Originaires de Jonzac ou de La Tremblade, certains n’ont pas hésite à traverser le département pour assister à l’événement. Etudiants ou retraités, sans diplômes ou agrégés, ils étaient ainsi plus de 150 rassemblés dans la petite salle du foyer rural de Saint Julien de l’Escap, le 7 février, pour un rendez-vous historique avec le plus ancien jeu radiophonique de France : l’inusable Jeu des 1000 euros, animé depuis 1995 par Louis Bozon sur France Inter.
Trois émissions seront successivement enregistrées dans la soirée. Pour tenter sa chance, il suffit de monter sur scène, les neurones bien affûtés. Une quarantaine de lycéens et d’étudiants se présentent à la première sélection de candidats. « Le point culminant du Jura ? La capitale du royaume de Bahrein ? Le premier animal domestique ? » Les questions fusent sous la voix familière et chaleureuse de l’animateur. Une bonne réponse permet de continuer à jouer, tandis que les plus silencieux ou les moins rapides sont invités à regagner la salle. Pas le temps de reprendre son souffle, ils ne sont bientôt plus que six sur la petite estrade. « Un philosophe français mort en 2002 ? Le premier long métrage de Charlie Chaplin ? Qui a construit le premier télescope ? » Au terme d’une cinquantaine de questions et d’un premier quart d’heure éreintant, deux étudiants décrochent leur ticket pour l’enregistrement. « Place aux adultes ! » lance aussitôt Louis Bozon. Il y a cette fois plus de cheveux blancs parmi la cinquantaine de candidats qui se regroupent sur la scène. Seuls quatre d’entre eux sortiront indemnes de cette nouvelle rafale de questions tous azimuts. Derniers essais d’enregistrement : « banco, banco ! » crie la salle enthousiaste pendant que deux preneurs de son règlent les micros. Tout l’équipement matériel tient dans deux grosses caisses, au bas de la scène décorée d’une unique banderole « Jeu des 1000 euros ». Après avoir mené tambour battant la sélection des candidats, Yanna Pailleret, le cadre de production, peut enfin sortir son précieux métallophone à quatre lames : dans un silence complet résonne alors le célèbre « ding » « ding » du sablier sonore qui rythme le jeu depuis 1958. Cartes postales locales
Les choses sérieuses peuvent commencer, avec la traditionnelle présentation du village, dont Louis Bozon va livrer trois versions différentes dans la soirée.
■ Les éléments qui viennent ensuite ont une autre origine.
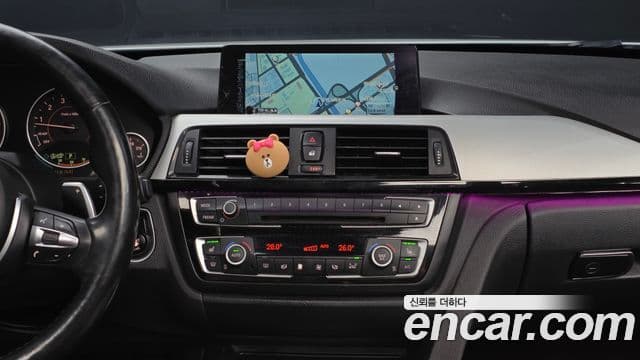 BMW 4시리즈 (F32) 428i M Sport кабриолет, 2015 14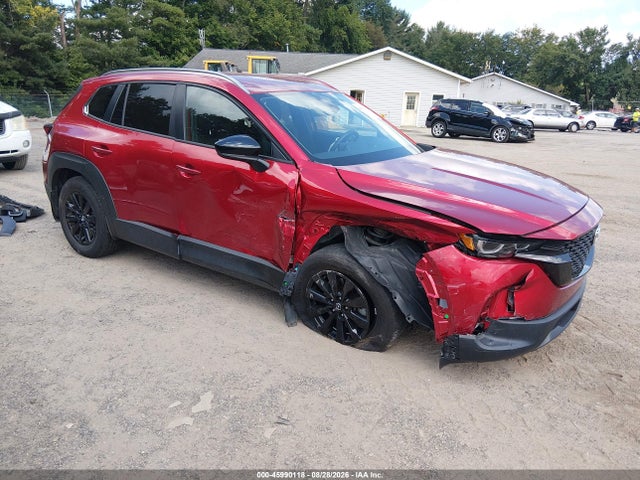 Auction sale of the 2024 Mazda Cx-50 2.5 S Preferred, vin: 7MMVABBM3RN243915, lot number: 45990118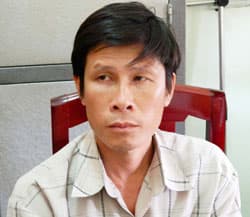Bắt giam tài xế gây tai nạn chết người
Toute l’histoire de Saint Julien de l’Escap va ainsi défiler dans ces cartes postales sonores où se mêlent les guerres de religion, les animations du foyer rural ou le séjour inspiré du romancier Maxence Van der Meersch. Marie-France, correctrice à Saintes, et Jacky, employé à Saint Jean d’Angély, piochent ensuite quatre enveloppes dans lesquelles sont formulées quelques unes des 40 000 questions bleues, blanches et rouges envoyées chaque année par les auditeurs. « Quel verbe utilise-t-on pour dire qu’un chameau s’accroupit ? Qu’est-ce qu’une statue céphalopode ? » Les réponses sont laborieuses. Un petit coup de pouce de Louis Bozon coupé au montage n’empêchera pas les deux candidats de chuter au banco, victimes d’Heinrich von Kleist, dramaturge allemande né en 1777. L’équipe de jeunes qui leur succède ne brille pas davantage, pourtant épargnée par les questions d’histoire ou de géographie. « Il leur faut des sujets très contemporains, parce que leur culture n’est plus la même », précise Louis Bozon. Malgré la bande de copains qui soufflent au premier rang, les deux étudiants de La Tremblade n’arriveront pas à mettre un nom sur ce spectacle de Roméo et Juliette revisité par Léonard Bernstein. « Vous avez brillamment chuté au super banco, commente Yann Pailleret en leur remettant un chèque de 50 euros. Et félicitations pour les économies que vous faites faire à Radio France. » Le ton change avec Bernard Pontel, conseiller municipal de Saint Julien, qui va coûter plus cher à l’émission. Au terme d’un sans faute, celui qui a invité Louis Bozon à Saint Julien de l’Escap décroche le super banco avec son équipier Maurice Larbre. L’honneur est sauf et la renommée acquise grâce à Henri Dunant et Frédéric Passy, qui ont obtenu le premier prix Nobel de la paix en 1901.Où sont les femmes ....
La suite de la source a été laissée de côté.